BEGIN DATA RECORDS

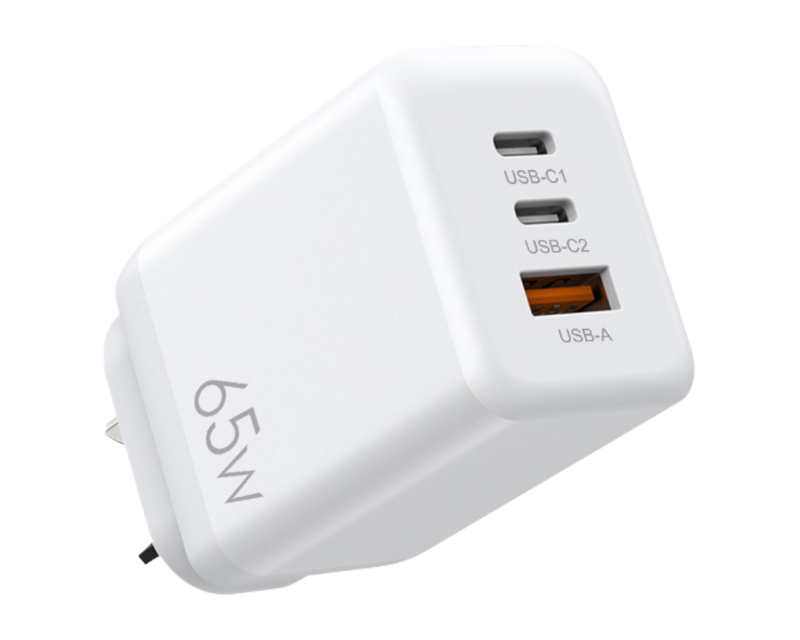 65W USB Type-C Dual Port PD Fast Charger Power Adapter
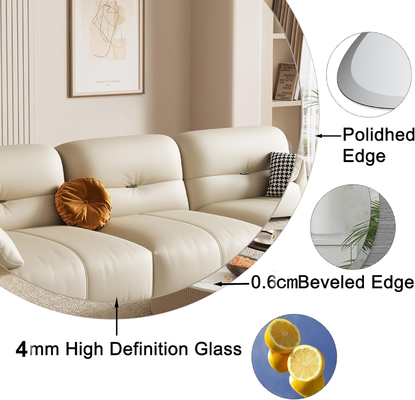 Espelho de maquiagem sem bordas de 3 mm, 4 mm, 5 mm e 6 mm / Refletor de parede sem moldura com estilo de design à prova d'água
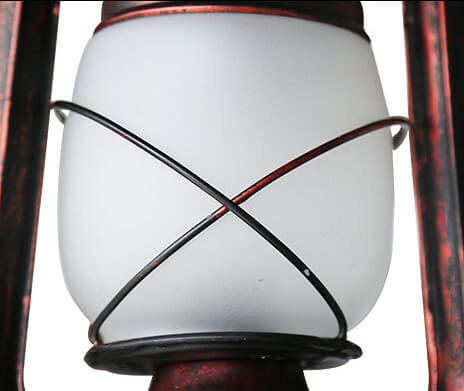 RusticRein | Antike Pferde-Wandleuchte aus Eisen & Glas Decorique.de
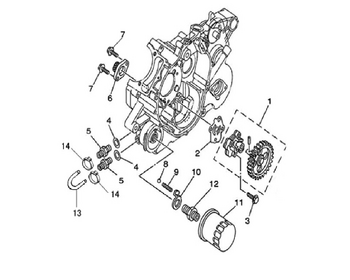 13 OIL PUMP FILTER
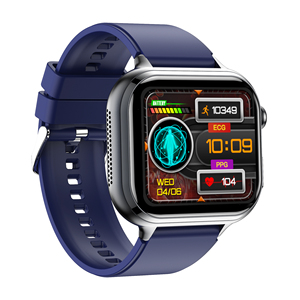 Reloj inteligente de lujo DF TK17 de alta calidad 1,91 "Retina SOS ECG Frecuencia cardíaca Reproducir música BT Llamada Reloj deportivo para hombres - Product Image 1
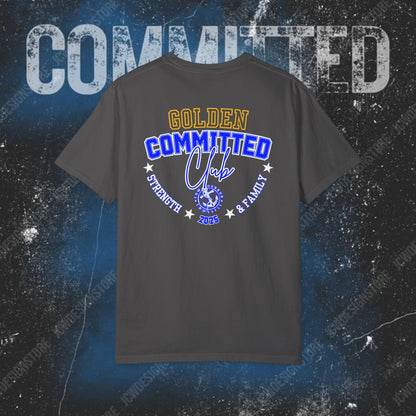 GOLDEN Committed Club T-Shirt — 100% pre-shrunk ring-spun cotton and heavy-weight construction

END DATA RECORDS

HOW TO COMPLETE THIS TASK => Retype the data exactly; images stay out.

RESPONSE =>
 65W USB Type-C Dual Port PD Fast Charger Power Adapter
 Espelho de maquiagem sem bordas de 3 mm, 4 mm, 5 mm e 6 mm / Refletor de parede sem moldura com estilo de design à prova d'água
 RusticRein | Antike Pferde-Wandleuchte aus Eisen & Glas Decorique.de
 13 OIL PUMP FILTER
 Reloj inteligente de lujo DF TK17 de alta calidad 1,91 "Retina SOS ECG Frecuencia cardíaca Reproducir música BT Llamada Reloj deportivo para hombres - Product Image 1
 GOLDEN Committed Club T-Shirt — 100% pre-shrunk ring-spun cotton and heavy-weight construction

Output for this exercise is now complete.